Сопоставляя методологические парадигмы естественных и гуманитарных наук, необходимо указать на их сходство и различие. Существенное различие заключается в основаниях достоверности. Если для естественнонаучного (или практического) знания проблема достоверности очень важна, ибо оно предназначено для использования на практике, и ошибка может иметь непоправимые последствия, привести к гибели людей, то в гуманитарной сфере можно пользоваться фактами, чья достоверность не установлена или обоснована недостаточно. Например, мы читаем роман, смотрим кинофильм, зная заранее, что в них действуют вымышленные герои в вымышленных обстоятельствах, но это ничуть не уменьшает нашего удовольствия от восприятия художественного произведения. Конечно, оговоримся, что достоверность здесь тоже необходима, ибо если автор придумает нечто, совершенно не соответствующее нашим представлениям о мире и отношениях людей, то мы этого не примем, необходимо правдоподобие и доверие к автору. Достоверность в гуманитарном знании имеет совсем другие основания. В гуманитарном знании можно пользоваться гипотезами на правах достоверных или относительно проверенных теорий, потому что гуманитарное знание связано с решением «вероятностных» проблем. Вспомним «Поэтику» Аристотеля: «задача поэта — говорить не о том, что было, а о том, что могло бы быть, будучи возможно в силу вероятности или необходимости»17. В связи с этим можно говорить о «вероятностной истине», то есть об истине, достоверность которой может быть оценена, например, в процентах (от 50 до 100). По мере увеличения доверия к гипотезе на основе дополнительной подтверждающей информации, можно более широко пользоваться ею для вероятностных теоретических построений. Или взять, например, религию: вера не требует в качестве основания материальных или физических фактов, вполне достаточно очевидности субъективного опыта личных переживаний или авторитета традиций, которые отвечают на потребности в надежде, в «приукрашенной» ценностной картине мира. Что с того, что в физическом мире нет подтверждения или опровержения этому субъективному опыту переживаний?!

В эволюции способов освоения мира можно обнаружить следующие этапы и формы: эмоционально-практическое, эмоционально-рефлексивное и рационально-рефлексивное. Научное познание мира возникает на третьем этапе. Однако абсолютизировать его не следует, надо учитывать возможности и других способов освоения мира, и опираться на них, поскольку рациональные и иррациональные подходы в освоении мира не абсолютно противоречат друг другу, а относительно, очевидна их взаимодополнительность. Рационалистические методы играют ведущую роль в естественных науках, но могут использоваться как вспомогательные и в гуманитарных; соответственно, в гуманитарных науках ведущую роль играют методы иррациональные, хотя необходимо также их использование в качестве вспомогательных в естественных науках.

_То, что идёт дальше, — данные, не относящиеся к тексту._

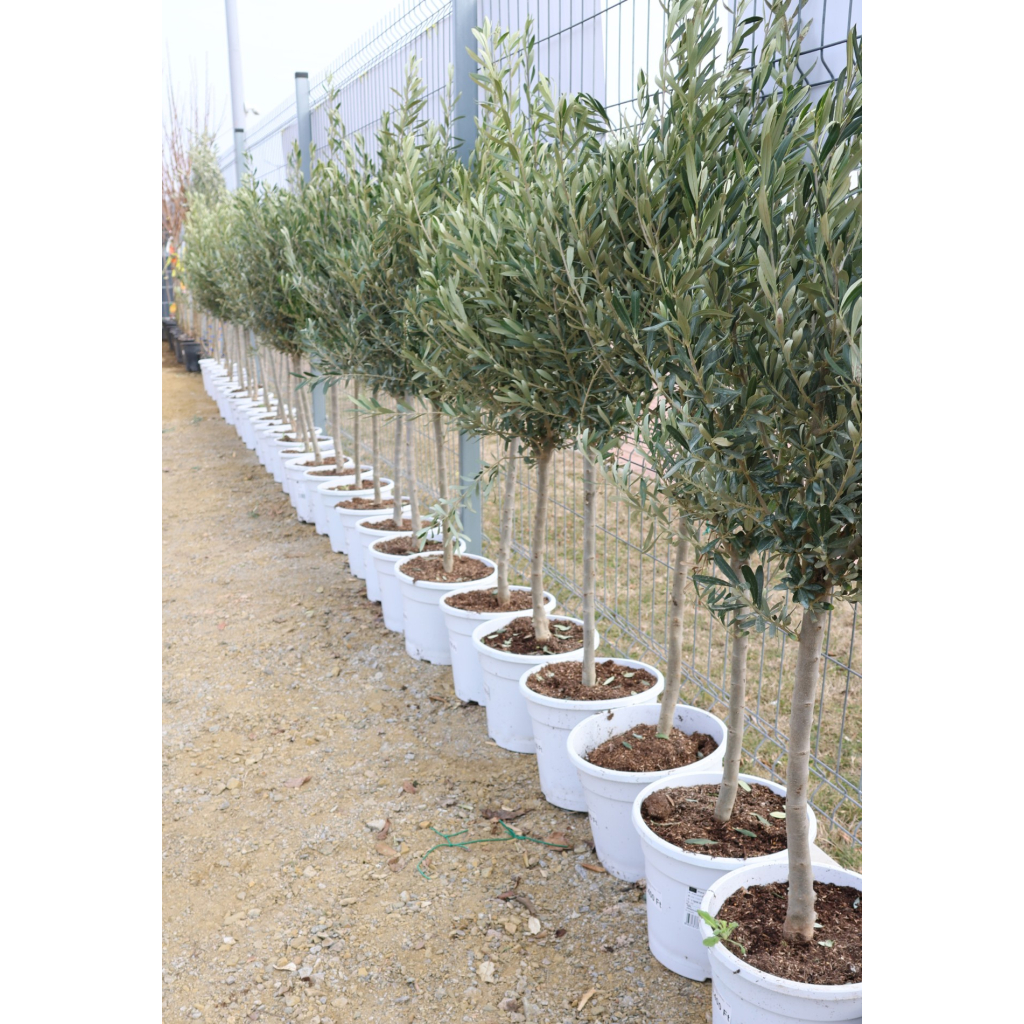 OLAJFA CIPRESSINO TÖRZSES 1/4- OLEA EUROPAEA CIPRESSINO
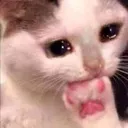 rbh_c_huhu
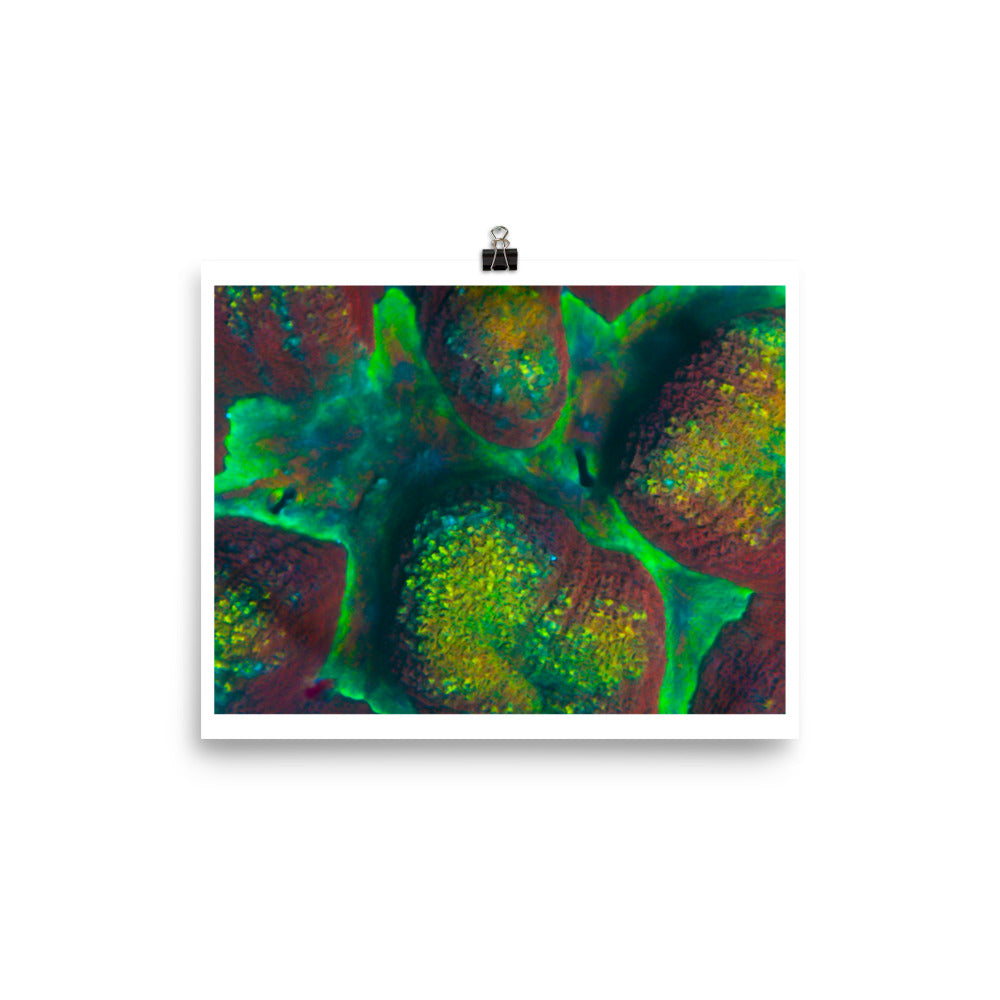 Rainbow Riverside - Fine Art Print - Coral Reef Photography Art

Кардинальный вопрос иррационалистической эпистемологии: зачем? для чего? с какой целью осуществляется познание объектов? Обычно ученые такой вопрос не ставят, знание для них есть «вещь-в-себе» и цель сама по себе. Но если вдуматься, то естественные и технические науки решают проблемы, поставленные непосредственной практикой. Этим обусловлены эпистемологические парамеры естественнонаучного исследования: однозначность, объективность, достоверность, проверяемость. Сферу практической деятельности обслуживает практическое или «дневное» сознание. Но есть также сфера сознания, условно определяемая нами как «ночное» сознание, где используются формы знания, никак не соответствующие названным критериям. Можно называть это «вненаучным» знанием, если согласиться с гордыней и претензией естественных наук на роль единственно возможной науки. Но такие претензии были бы понятны и объяснимы для теологии или мифологии, но они противоречат методологическим принципам этой же самой науки, которой не пристало объявлять себя наукой без доказательств. Правда, можно привести свидетельства крупных ученых, утверждавших, что в основе науки лежит вера в существование истины и в возможность ее достижения. Что касается теологии и мифологии, то решать вопрос об их научности нужно, пользуясь их критериями, а не навязанными или привнесенными извне. Точно также и у естественных наук критерии научности должны быть свои, и их роль не следует преувеличивать, как это было сделано на рубеже ХVIII—ХIХ веков.

По словам Э. Фромма, «объективность означает не беспристрастность, но определенное отношение, а именно умение не искажать и не фальсифицировать вещи, людей, да и самих себя»18. Не следует понимать иррациональность как полнейшую беспринципность и бессистемность. Постмодернистская философия имеет свои принципы и системные требования. Думается, пришла пора реабилитировать термин «иррациональность» и использовать его на тех же правах, как и «рациональность» для обозначения методологических оснований научного знания. Причем речь идет не только о методологических основаниях гуманитарного знания, где иррациональная методология доминирует, взаимодействуя с рациональным и опираясь на него. Иррациональное лежит в основе любого рационального знания, что легко показать хотя бы на примере известных четырех «Правил для руководства ума» Рене Декарта, который в их основание положил иррациональные посылки «достаточности», «очевидности», «уверенности»19.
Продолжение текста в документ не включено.